好きになれない同僚と仕事をしている人は世の中に大勢おり、嫌いな同僚とどう付き合うかは、仕事上の悩みの代表的なものだ。スタンフォード大学経営科学・経営工学教授で、 『Good Boss,Bad Boss: How to Be the Best… and Learn From the Worst』の著者、ロバート・I・サットンによれば、これは人間であることの条件の一部なのだ。「親戚であれ、同じ電車に乗り合わせた人であれ、隣人であれ、同僚であれ、われわれがケンカするかもしれない相手はいつだっている」。そんな相手を避けるという方法は一般的には有効だが、職場ではいつも使えるとはかぎらない。
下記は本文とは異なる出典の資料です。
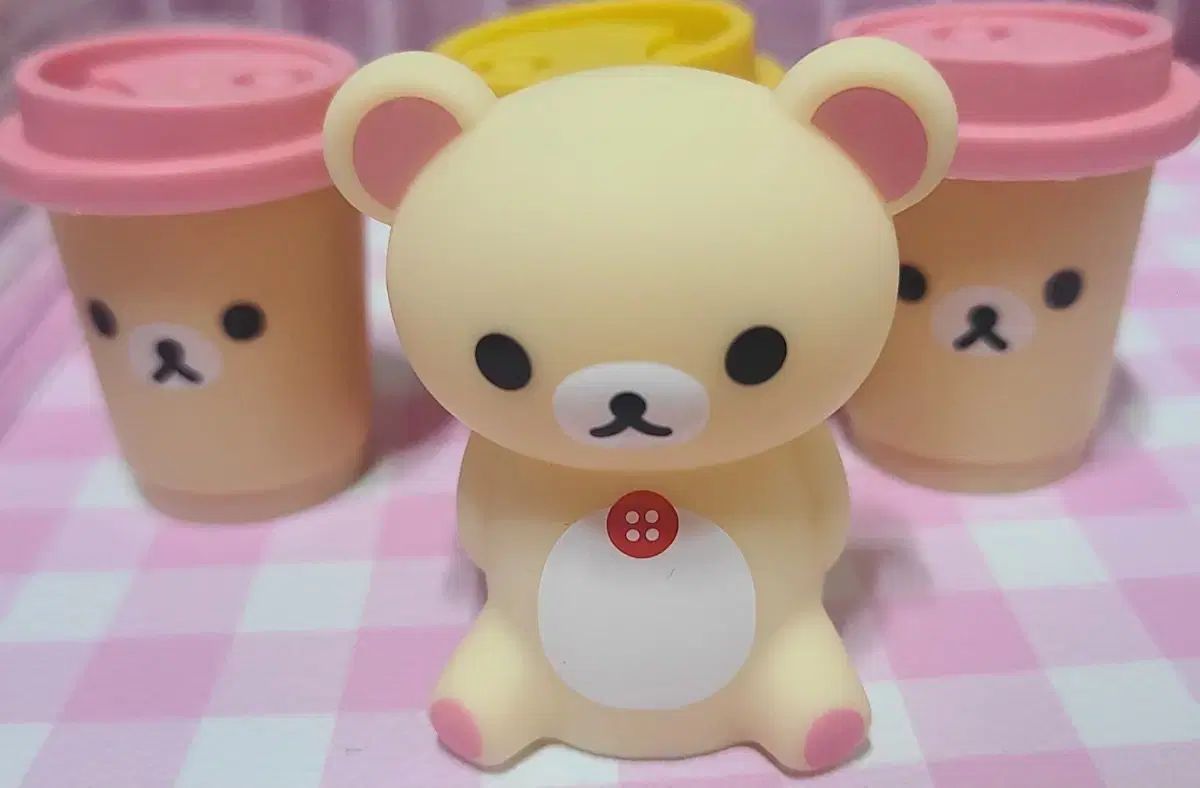 はんなりこまち はんなり茶屋 小物入れ サンリオ Sanrio レア 積んで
「職場では、否が応でも付き合わなければならない人間がいる」。そう指摘するのは、ラトガース大学「組織におけるEIに関する研究コンソーシアム」の共同会長で、『The Brain and Emotional Intelligence: New Insights』の著者、ダニエル・ゴールマンだ。これから先、隣の席の同僚にムカついたときは、次のアドバイスを思い出していただきたい。

■社内で愚痴を言うと自分に返ってくる

嫌いな同僚に対する反応は、ちょっとした不快感から完全な敵意までさまざまな形をとる。ゴールマンによれば、第一歩はそれを制御することだ。誰かをうっとうしいとか癇にさわると思ったら、その人物の行動より、むしろそれに対する自分の反応について考えてみるべきだと、彼は言う。自分の行動は自分でコントロールできるのではるかに生産的だ。そのために毎日リラックスできる何かを実践することを、ゴールマンは勧める。「ストレス対処能力が高まり、うっとうしい人間がさほどうっとうしく感じられなくなる」。

不快感を持ちながら仕事をしていても、他の同僚に愚痴をこぼしたいという衝動は抑えなければならない。誰かをウオータークーラーの陰に連れていって「ジェシカにはどこか好きになれないところがあるわ。あなたもそう思わない?」などと言ってはならないのだ。「人間はみな、自分の意見を誰かに追認してもらおうとする傾向を持っているが、その衝動は抑えなければならない」と、サットンは言う。「感情はとても伝染しやすいので、その衝動に流されたらみんなの士気を低下させることになりかねない」。

同僚の愚痴を言うと、自分自身にはね返ってくることがある。職業人としてなっていないという評判が立つかもしれないし、付き合いにくい人間というレッテルを貼られるかもしれない。ストレスを吐き出す必要があるときは、助けになってくれる人々を慎重に選ぼう。理想的なのは社外の人だ。

自分の反応を制御したら、自分はその人物の何が嫌いなのかを考えてみよう。相手が自分と違うのが気に食わないだけなのか。相手が自分の父親を連想させるのか。あのポジションには私がつきたかったのにと相手を妬んでいるのか……等々と自問するのである。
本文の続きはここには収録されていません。